My question is this: the video card in this is a joke. (its got QE/CI). Geforce 6600LE 128MB. I could have sworn I saw a 9600GT on ebay awhile back for a G5, and i found today on macrumors someone running a 9600GT in his quad G5. however he is no longer on that forum, and cant ask him. if i flash it myself, where can I get a EEPROM for the 9600GT that supports PowerPC?


----------



## sinclair_tm (Mar 11, 2005)

That's a very good question. The Mac Elite was the site to go to for video card flashing, and the 6800GT was the last one they worked on before they vanished from the interwebs. You can still find some of their work if you Google hard enough. But I have never seen any reference to a 9k NVIDIA card in a PPC Mac.


----------



## ozziesironman (Jun 30, 2010)

Boot Camp/VMWare equivalent for PowerMac G5 - MacRumors Forums

Guy says he has a 9600gt in his g5. I'd just like to know how he did it. I'm familiar with flashing cards, since I made a hacky as an experiment last year and posted for help here last year... Got a warning... Hahaha.. But I can't find the EEPROM for the 9600 anywhere. I first Thought AGP??? then realized the 2.7 was a late model with pci-e, so that's no go. 

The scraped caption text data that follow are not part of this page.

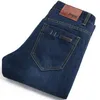 Nouveauté hommes bleu foncé Jean haute qualité Denim Jean pleine longueur loisirs Standard droit Jean pantalon grande taille 231d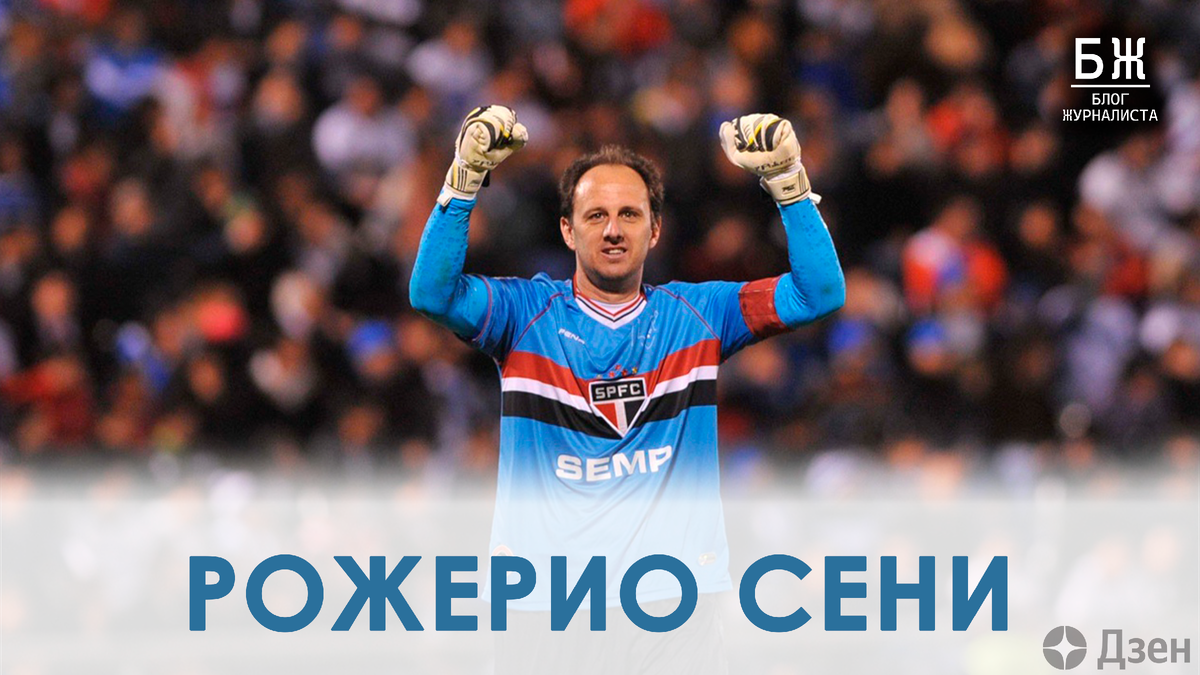 Рожерио сени голы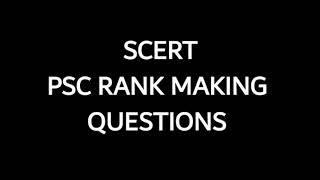 KPSC SCERT RANK MAKING QUESTIONS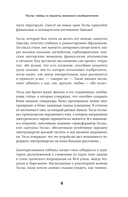 Тесла: тайны и секреты великого изобретателя — фото, картинка — 7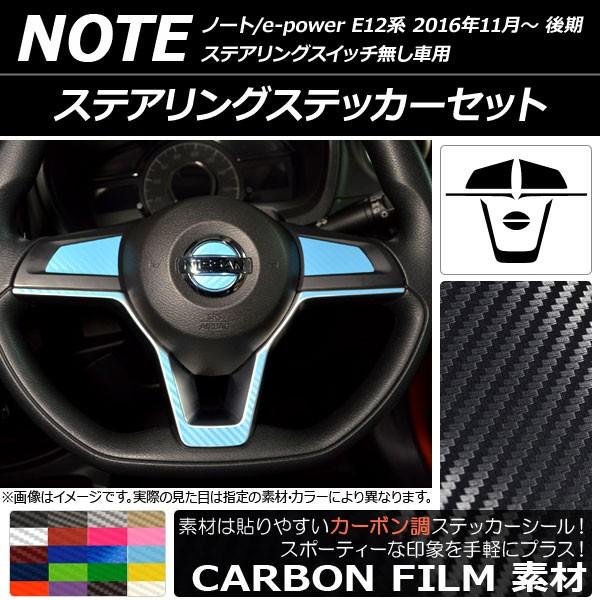 ステアリングステッカーセット ニッサン ノート/ノートe-power E12系 後期 ステアリングスイッチ無し車用 2016年11月〜 カーボン調  選べる20カラー AP-CF3334 | LINEショッピング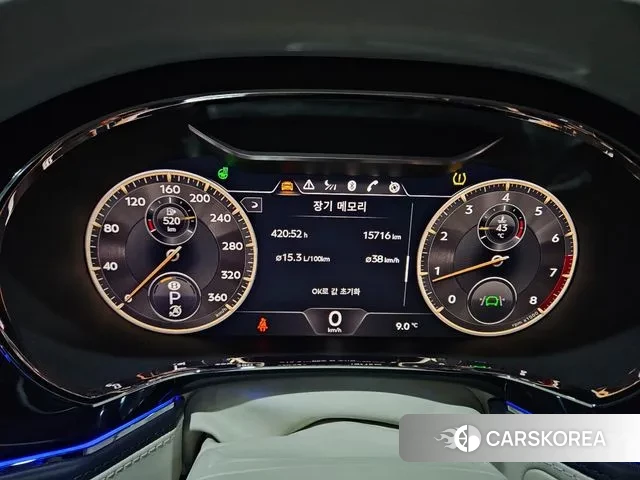 Bentley Flying Spur 3rd Generation 2022 Синий из Кореи, фото 5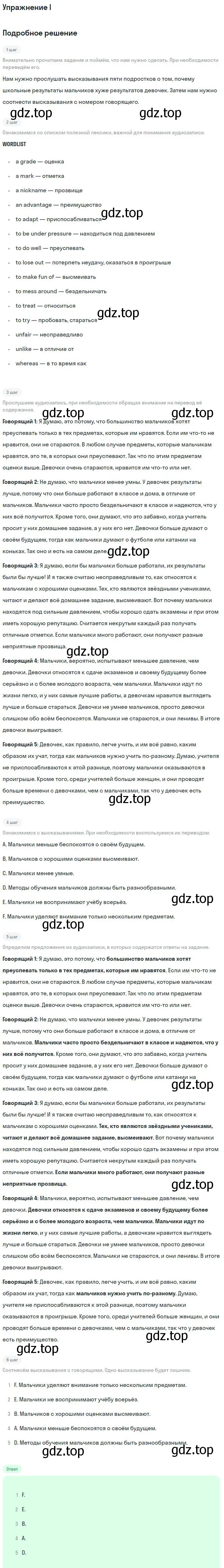 Решение  I (страница 83) гдз по английскому языку 9 класс Кузовлев, Перегудова, рабочая тетрадь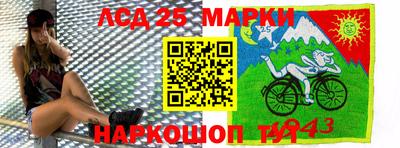 mdpv Будённовск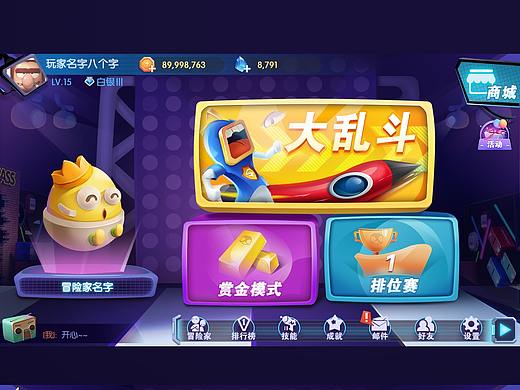 歡樂大亂斗【練習(xí)】（個人主頁-ZNDk3MjE3OTY=） - 游戲UI - 站酷設(shè)計師粒粒有米原創(chuàng)素材 - 站酷ZCOOL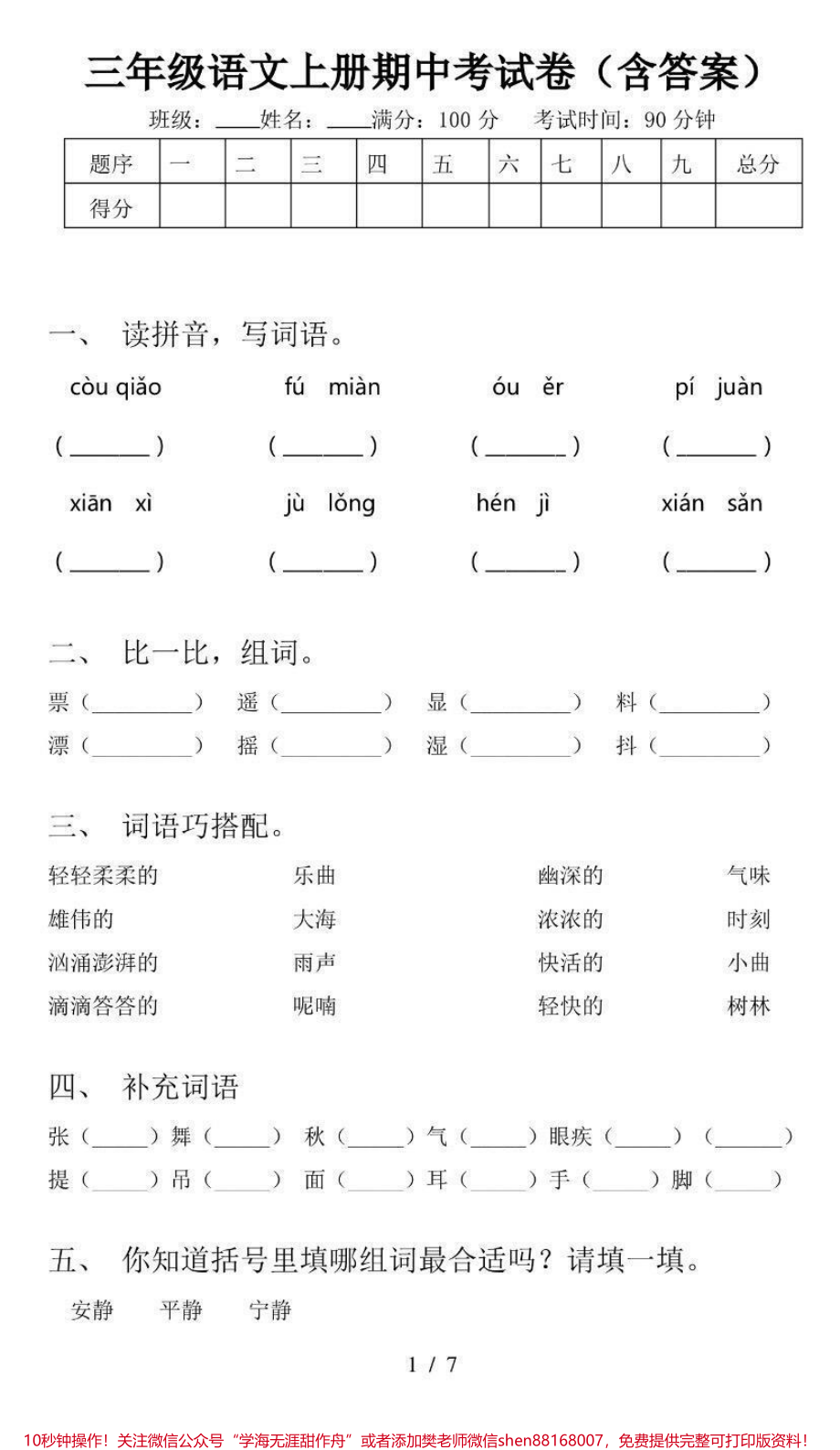 三年级上册语文期中测试卷（含答案）.pdf_第1页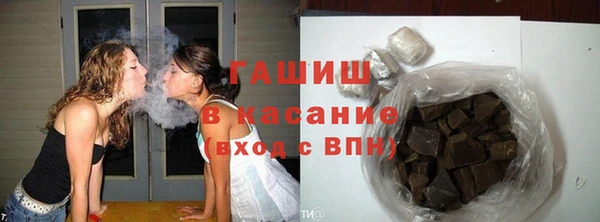 твердый Заводоуковск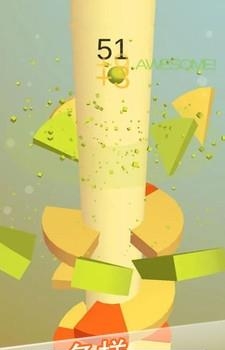 飞到绝技  v1.0图2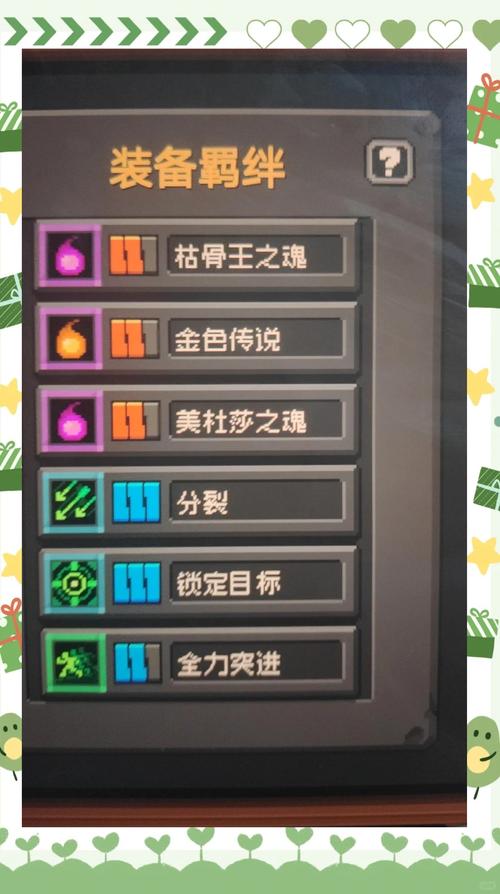红警盟军上尉：从新手到高手进阶指南
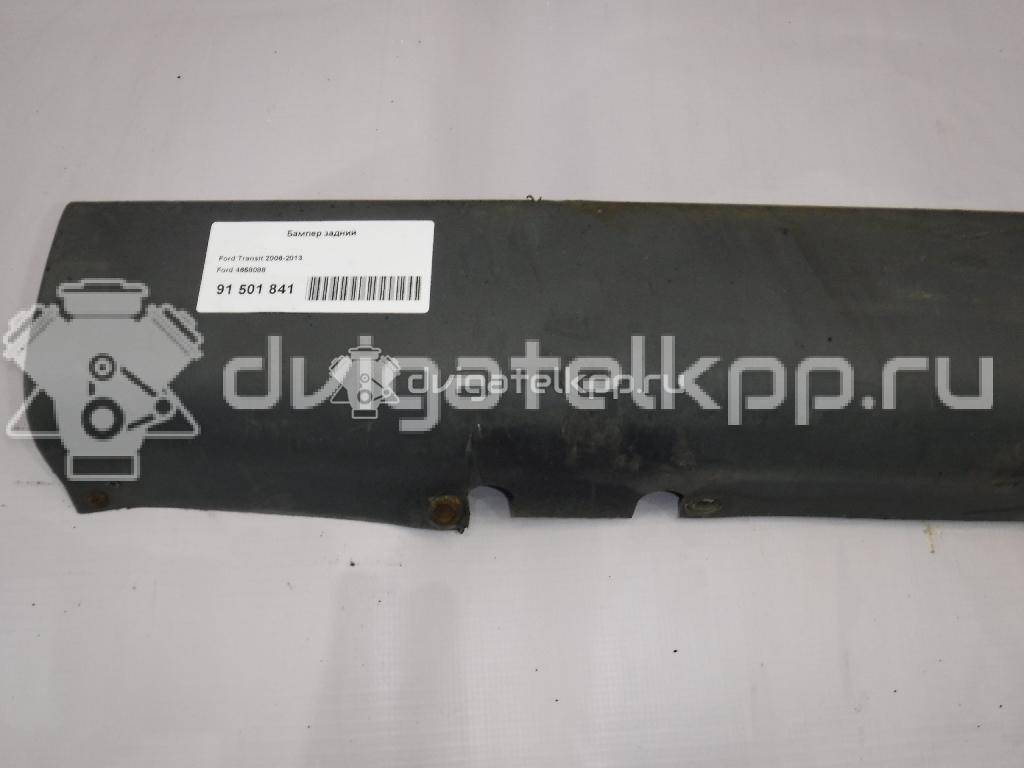 Фото Бампер задний  4658088 для Ford Transit {forloop.counter}}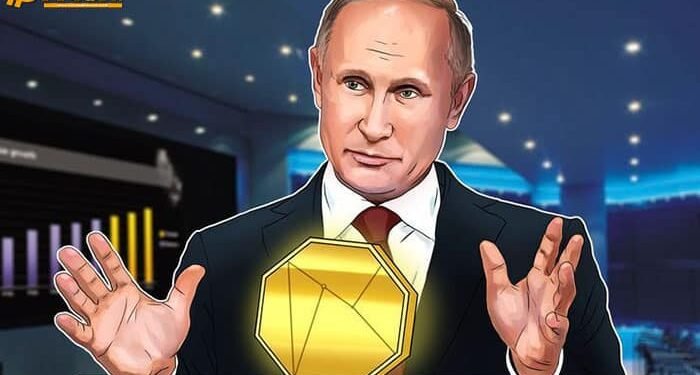 Đào coin – Nga: Luật mới sẽ cho phép cảnh sát tịch thu Bitcoin từ năm 2021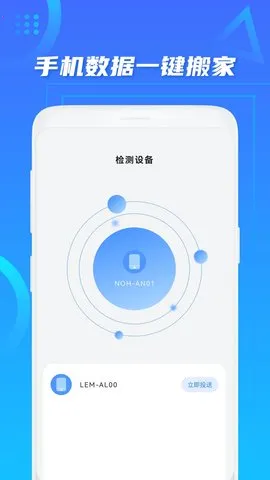 �ֻ����cl2025���ذ�װv50.0.0 ��Ѱ�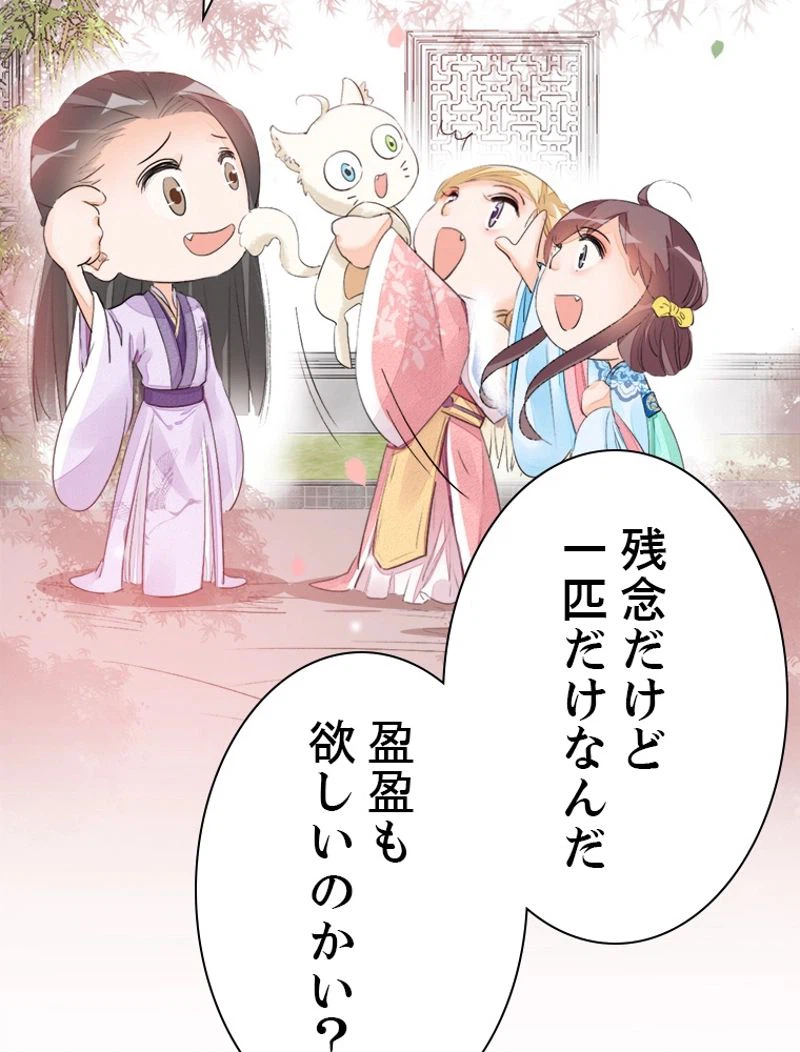 ページ 15 — 第18話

Sinclair, you've never heard of something like this, you said? 
If Thats the case, and the 7800 is my goal, would I be able to flash the 7900 with the 7800 EEPROM?


----------



## sinclair_tm (Mar 11, 2005)

Unless someone else has instructions on how to do it, I wouldn't try. I don't know if the GPU cores are the same, or if the board is built the same or not.


----------



## ozziesironman (Jun 30, 2010)

ah... i see. well either way, im ebay im finding the 7800s for like 90 bucks... its ridiculous, knowing how old the card is, but eh, it is what it is. selling the 6600, the quicksilver i got at the swap meet for 20 bucks, and selling the abit motherboard of my old pc, should more than make up for the cost. thank you so very much!


----------